Ses œuvres sont présentes dans de nombreuses institutions en France et à l’étranger : Musée Toulouse-Lautrec à Albi, Musée Fabre à Montpellier, Musée Paul Valéry à Sète, Musée Réattu à Arles, Fonds national d’art contemporain à Paris-La Défense, Musée national d’art moderne, Musée d’art moderne de la Ville de Paris, Bibliothèque nationale de France, et musées étrangers (Musée national d’histoire et d’art au Luxembourg, musée de Sofia, Musée d’art et d’histoire de Genève, musées des universités de Stanford et de Princeton, Musée d’art de Cincinnati, etc.).
Sarthou meurt à Paris le 11 juin 1999 ; il est enterré au Cimetière marin de Sète ainsi que son épouse en 2002.
Depuis sa mort, plusieurs expositions rétrospectives lui sont consacrées, en France et à l’étranger.
Conclusion
Au cours de sa carrière, Sarthou a réalisé plus de 1700 peintures à l’huile, près de 900 aquarelles, gouaches, lavis, dessins, pastels, plus de 100 lithographies, des livres illustrés, des cartons de tapisseries et de vitraux, des décorations murales.

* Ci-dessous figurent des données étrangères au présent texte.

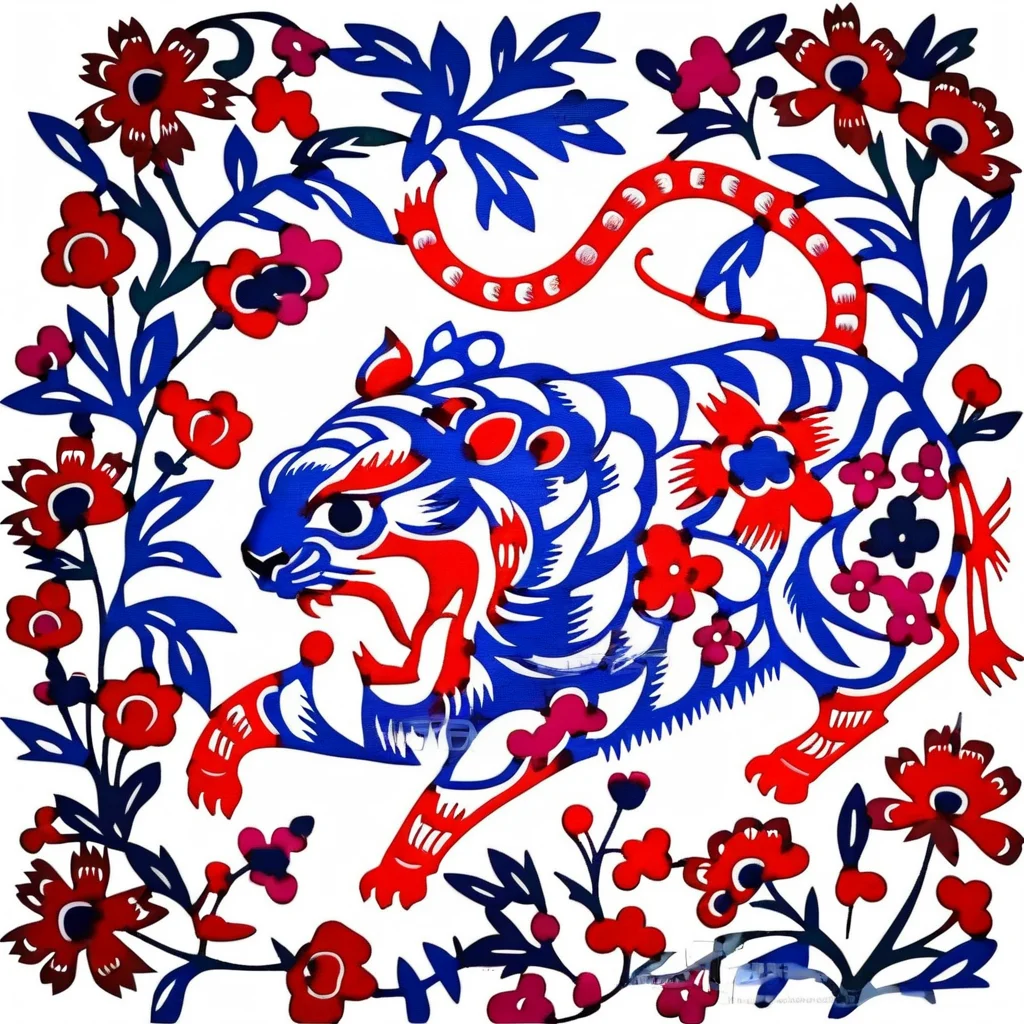 an image of blue and red tiger,trees,flowers, solid (white+++)  background,SP_CN_PPC,colorful paper cutting<lora:0204_paper_cutting-checkpoint-5000:1.0>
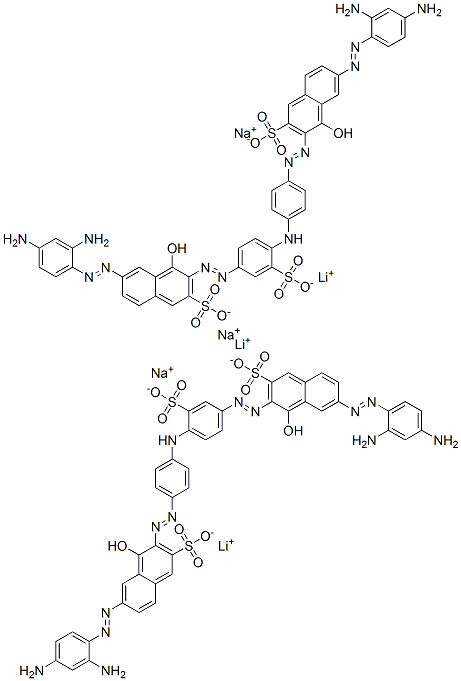 6-[(2,4-diaminophenyl)azo]-3-[[4-[[4-[[7-[(2,4-diaminophenyl)azo]-1-hydroxy-3-sulpho-2-naphthyl]azo]phenyl]amino]-3-sulphophenyl]azo]-4-hydroxynaphthalene-2-sulphonic acid, lithium sodium salt,83221-69-6,结构式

Jean Paulhan disait de Sarthou : « Homme du Midi, il doit sans cesse cligner des yeux pour maintenir quelque forme, que le soleil était près de ronger. […] Il lui faut rater sa toile, puis la reprendre. Et la rater encore […] Sarthou travaille dans la rigueur. Il fait songer à un moraliste. Il se trouve que ce moraliste est par chance joyeux ; et cette rigueur tonique, ce n’est pas si commun. C’est qu’à aucun moment le peintre ne croit tout à fait à ses visions. Il ménage la part de l’obscur ».